Ineffabili L.A. Guns: dagli esordi del 1988 alla reunion di Phil Lewis (voce) e Tracii Guns (chitarre), che dal 2017 li ha visti pubblicare ben quattro album, si ha sempre l’impressione di non riuscire mai a cogliere questa band nella pienezza del suo migliore momento. Maestri del genere per alcuni e resistenti ostinati per altri, i quattro che su questo nuovo disco si completano con Johnny Martin al basso ed Adam Hamilton alla batteria hanno comunque il merito di continuare ad alimentare la fiamma di una formazione sporca e diversa che, pubblicando quasi venti album, è riuscita a vendere oltre dieci milioni di copie e sopravvivere, più di ogni altra cosa, a se stessa ed alle proprie turbolenti vicissitudini. Sporco e diverso sono qualità che ritroviamo anche in “Black Diamonds”, un album che in un certo senso perpetua l’immagine di un gruppo che ha scelto di rimanere ai margini di una scena – quella sleaze/glam della quale furono capostipiti insieme a Guns N’ Roses e Faster Pussycat – che in fondo non gli appartiene più. La proposta di Lewis e Guns è piuttosto un alternative low-fi caratterizzato da strutture semplici ed elementi ripetitivi, come la scelta di una “You Betray” all’inizio della scaletta conferma senza esitazioni né grandi imbarazzi. Tutti i suoni sono cavernosi e volutamente poco rifiniti, i tempi sincopati sono quelli che andavano negli anni novanta ed il disco ha una resa live che, se da un lato comunica autenticità e magari ribellione al sistema dell’iperprodotto, dall’altro non può far pensare ad una produzione un po’ povera ed autarchica.

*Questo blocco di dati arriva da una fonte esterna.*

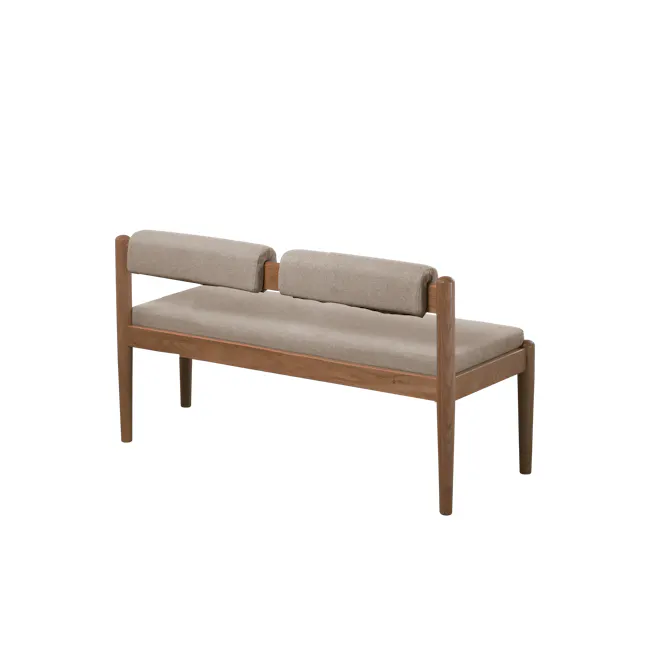 Niel Bench 1.45m - Walnut, Chestnut - 6 - Wooden bench with beige cushions, minimalist design, modern aesthetic, natural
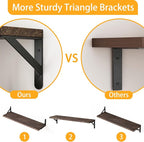 YGEOMER Floating Shelves for Wall, 23in Brown Wall Shelves for Living Room - Image 3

Povero, purtroppo, “Black Diamonds” lo è anche di idee, perché i suoi giri blues (“Shame”) ed i suoi ritornelli alla Jizzy Pearl in declino (“Wrong About You”) potranno anche divertire per il tempo di una birretta, ma difficilmente giustificheranno l’esborso e si fisseranno nella testa in attesa di un riascolto. Se c’è una promessa che gli L.A. Guns rispettano, per la verità, questa è quella di proporre in questa occasione anche un lato più delicato ed intimista, che si manifesta con la ballad “Diamonds”. Nonostante la produzione rimanga spartana e non troppo diversa da quella di un buon demo (a volte ho avuto l’impressione che il disco fosse addirittura mono), questo particolare e struggente episodio contiene buoni testi e melodie efficaci, più in linea – e forse per questo anche più sinceri – con quanto Lewis e Guns fanno e sono oggi. Tanta è la differenza tra la lodevole consistenza di questa traccia ed il dimenticabile resto (nel quale rientrano sapori rockabilly, revival swinging london e canzoni brutalmente troncate forse perché il fonico aveva la partita di calcetto), che davvero verrebbe la voglia di considerare la band di Los Angeles come qualcosa di radicalmente mutato dai tempi di “Cocked & Loaded” (1989) e capace di affrontare il mondo contemporaneo con uno stile più morbido e rinnovato. Nonostante non manchino una manciata di canzoni che riescono tuttora a trasmettere buona energia e vibrazione (“Shattered Glass”, “Got It Wrong”), “Black Diamonds” e gli L.A. Guns danno il meglio di sé quando lasciano che sia l’anima a salire in superficie, recuperando una dimensione semplice e nuda che appare anche maggiormente coerente con la sensibilità moderna, la disillusione che prima o poi non può non subentrare in chiunque ed i conti da far quadrare a fine mese, indipendentemente da chi sei stato e sei oggi (“Lowlife”).
Vi sono gruppi del passato che hanno saputo rimanere sulla proverbiale cresta dell’onda semplicemente rimanendo uguali a se stessi, resistendo alle mode perché convinti della propria proposta, o magari solo perché incapaci di suonare altro. Ci sono poi altre realtà che la testardaggine ha condannato all’estinzione (artistica), perché l’incapacità di adattarsi e giungere al compromesso le ha spinte dolcemente ai margini ed accompagnate nel club dantesco degli irrilevanti. E poi ci sono nomi, come gli L.A. Guns, che sembrano avere sette vite come i gatti e sempre un’ultima carta da giocare per registrare un nuovo album, e concedersi un ulteriore giro di giostra: “Black Diamonds” gioca questa volta la carta vincente delle ballad, uno spiraglio attraverso il quale passa quel filo di luce fioca e di speranza flebile che – fortuna o condanna – probabilmente li terrà nel giro ancora per gli anni a venire.